■ **Collected material**:
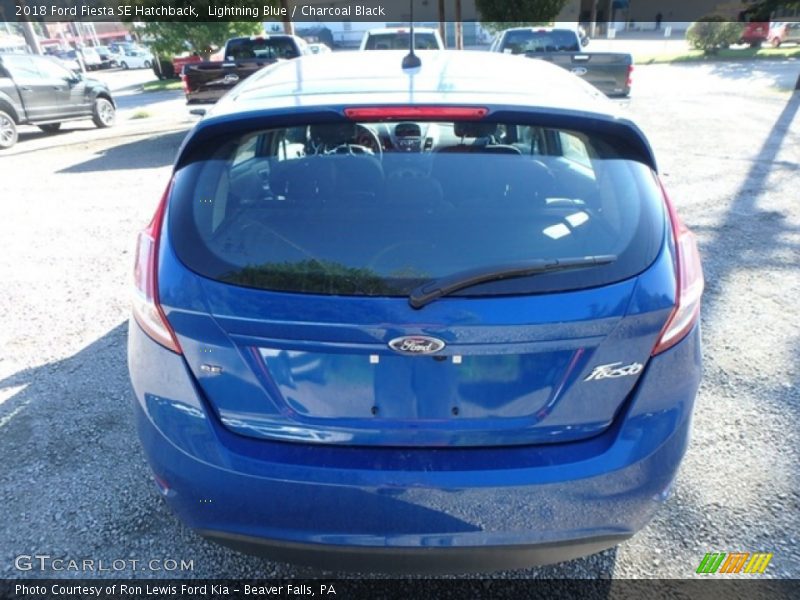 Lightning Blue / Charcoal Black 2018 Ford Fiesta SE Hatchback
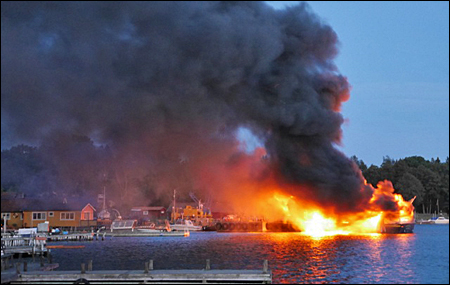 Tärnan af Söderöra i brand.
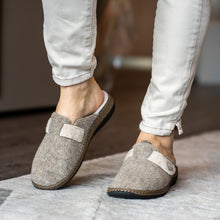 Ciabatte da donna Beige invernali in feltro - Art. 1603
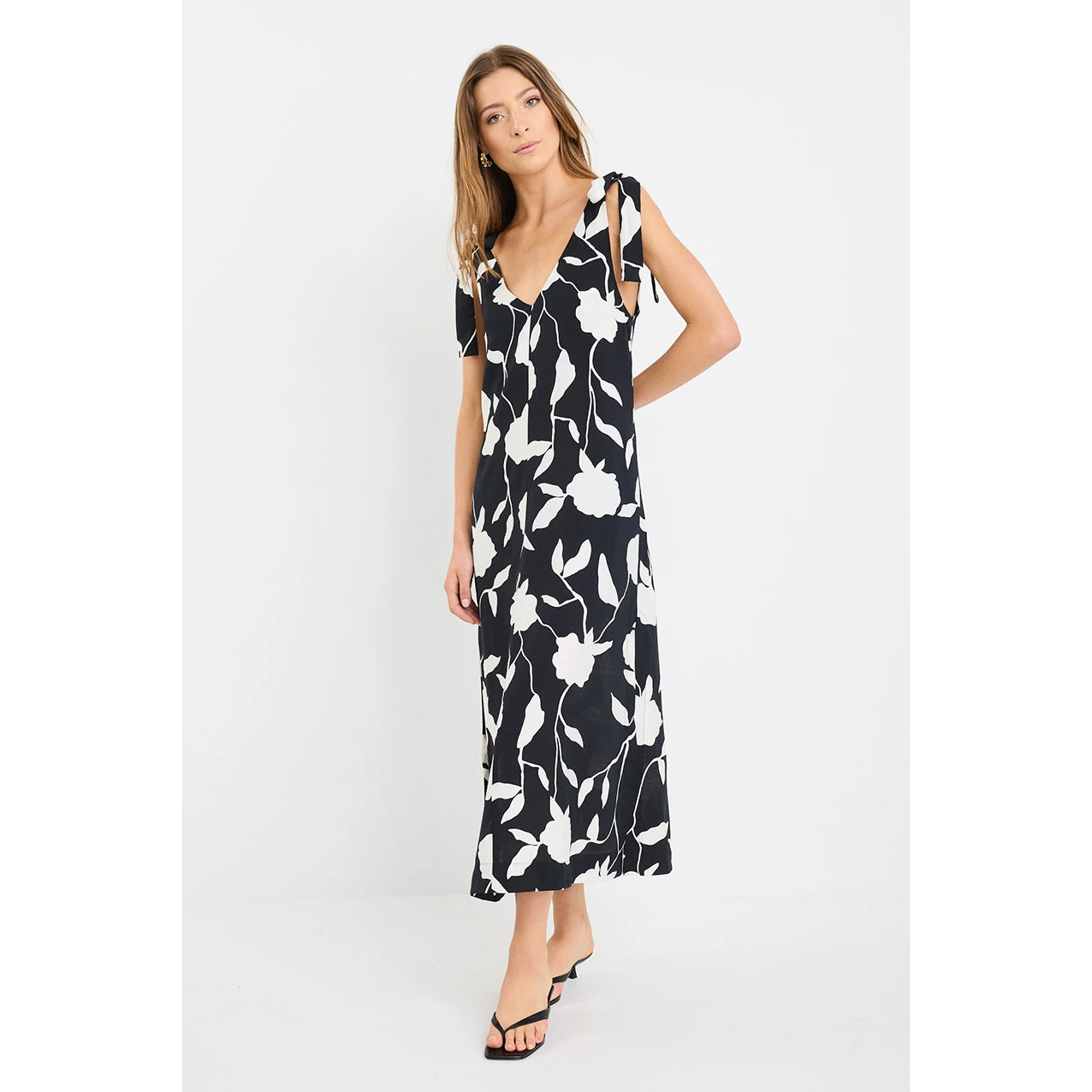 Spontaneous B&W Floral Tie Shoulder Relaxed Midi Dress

■ **Task brief**:
Exactly the lines from the line with "Ciabatte da donna" through the last line of the listing, both included, should be extracted, and the pictures left behind.

■ **Written answer**:
 Ciabatte da donna Beige invernali in feltro - Art. 1603
 Spontaneous B&W Floral Tie Shoulder Relaxed Midi Dress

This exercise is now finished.